### Exercise brief
Only one stretch of the data below should be repeated: the lines from the line containing "VW Tiguan 150.000" through the line containing "日本の四季 ふるさとへの旅①〜⑨ 国際情報者", inclusive, exactly as they are.

### Provided records
Start of Block
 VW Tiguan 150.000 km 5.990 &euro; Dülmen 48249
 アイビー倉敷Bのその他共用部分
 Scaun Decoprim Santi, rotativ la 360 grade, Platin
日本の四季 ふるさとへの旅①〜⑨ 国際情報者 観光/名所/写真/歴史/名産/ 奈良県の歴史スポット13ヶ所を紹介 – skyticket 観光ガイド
End of Block
Start of Block
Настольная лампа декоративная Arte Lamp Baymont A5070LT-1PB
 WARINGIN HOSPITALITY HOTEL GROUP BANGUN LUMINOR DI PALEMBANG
End of Block
Start of Block
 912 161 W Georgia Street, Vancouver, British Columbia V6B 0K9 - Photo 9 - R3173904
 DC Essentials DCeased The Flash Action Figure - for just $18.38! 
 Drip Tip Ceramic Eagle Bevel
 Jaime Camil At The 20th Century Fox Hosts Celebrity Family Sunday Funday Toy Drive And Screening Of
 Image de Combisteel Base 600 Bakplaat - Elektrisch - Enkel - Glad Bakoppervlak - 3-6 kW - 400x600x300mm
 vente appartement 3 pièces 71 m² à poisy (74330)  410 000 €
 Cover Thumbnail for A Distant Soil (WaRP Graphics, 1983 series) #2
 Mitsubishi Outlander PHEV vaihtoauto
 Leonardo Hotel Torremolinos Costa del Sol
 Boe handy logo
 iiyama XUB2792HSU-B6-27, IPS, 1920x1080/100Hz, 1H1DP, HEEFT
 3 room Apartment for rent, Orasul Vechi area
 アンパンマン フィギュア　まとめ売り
End of Block
### Your response
 VW Tiguan 150.000 km 5.990 &euro; Dülmen 48249
 アイビー倉敷Bのその他共用部分
 Scaun Decoprim Santi, rotativ la 360 grade, Platin
日本の四季 ふるさとへの旅①〜⑨ 国際情報者 観光/名所/写真/歴史/名産/ 奈良県の歴史スポット13ヶ所を紹介 – skyticket 観光ガイド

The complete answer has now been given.